The chicane you mention above may be a great piece of track, but ask yourself two questions. (1) Will guys use a bunch of these in their layout? (2) Can I put them next to one another to form 4, 6 or 8 lanes? If the answer to either of these is "NO", it may not be worth the effort.

Yes, it is disappointing to see AW put the resources into making already existing pieces of track. It would have been much better for them to have produced 12"r 1/4 curves instead of 9", 12" straights instead of 9", and a 3" intersection. That would have introduced three new pieces for not much more cost.

Has anyone confirmed that these are an AW product and not stamped "AFX" on the bottom?

Thanks...Joe


----------



## Montoya1 (May 14, 2004)

Grandcheapskate said:


> Has anyone confirmed that these are an AW product and not stamped "AFX" on the bottom?
> 
> Thanks...Joe


No


----------



## Jim Norton (Jun 29, 2007)

*AW and AFX*

Interesting therory regarding AW track being AFX.

The 9" terminal seems to prove otherwise as I am unaware of AFX ever offering anything but a 15" terminal since the Aurora days.

Jim Norton
Huntsville, Alabama


----------



## Montoya1 (May 14, 2004)

Got a picture Jim (both sides) ?


----------



## vaBcHRog (Feb 19, 2003)

Hi everyone,

A quick review on the DH set I bought

1. Shipping was fast

2. Packaging was pretty good

3. I set it up on the floor for my granddaughters to play with. Kori 3 and Annie 2. Went together well. Instruction sheet was good

4. Cars were Ulta G's. The body are two of the best fitting to come out of AW. Charger and Cop car set very nice, no riding high. One car had one front tire come off from the girls pushing down on them and rolling them they also bent one cars guide flag. It was easily bent back. Cars performed very well have to put them on the Dyno and skidpad and see how well they do

5. Power Supply was a surprising 13.5VDC

6. Forgot to measure controllers ohms but the built in low med high worked very well for my 3 year old. Med seemed to work best as the cars would stall on the crossovers.

7 Guard. rails were a flat silver 

8. My 2 year old stepped on the track several times and all it did was come apart, held up real well. The 3 year old got to excited an ran out in the middle of the track and started jumping up and down. Track held up well. She had a ball already got my moneys worth 

9. Track said AW on the bottom, power supply said AW also.

I am going to set up a simple oval fro them tonight at the kitchen table and see how they do.

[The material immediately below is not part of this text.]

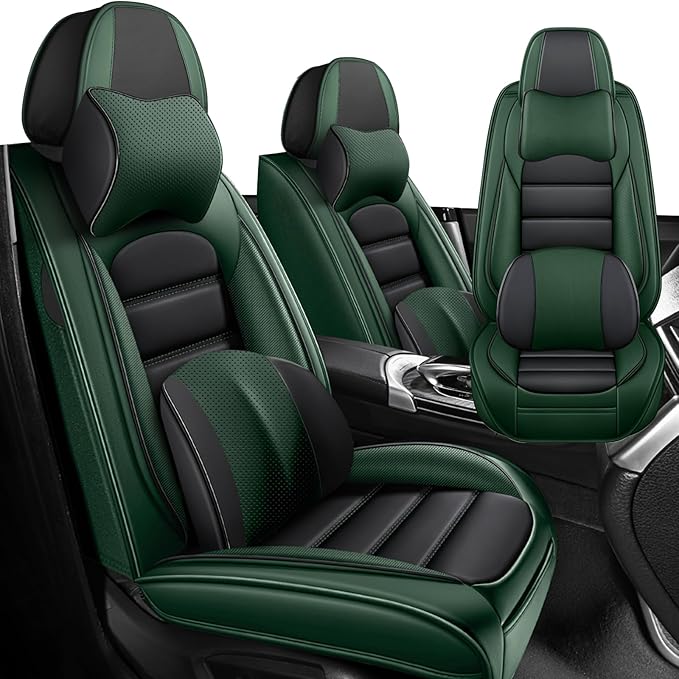 Iceleather Luxury Car Seat Covers for Ford Edge 2007-2025,Waterproof Soft Breathable PU Leather Seat Cover with Storage Pockets(Black&Green,Front Set with Pillow)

Overall no complaints at all. More to come as I play with it some more

Roger Corrie


----------



## Montoya1 (May 14, 2004)

what is the connection like to Tomy?

Does the wallwart and controllers have Tomy style plugs?


----------



## vaBcHRog (Feb 19, 2003)

Don't know I will have to check. No I don't know if I have a tomy terminal track or not. I'll try and check tonight

Roger Corrie


----------



## vaBcHRog (Feb 19, 2003)

Hi everyone,

Read the controllers last night and they are 45 Ohms

Still need to get into the attic and find a Tomy Terminal track to compare it to

Roger Corrie


----------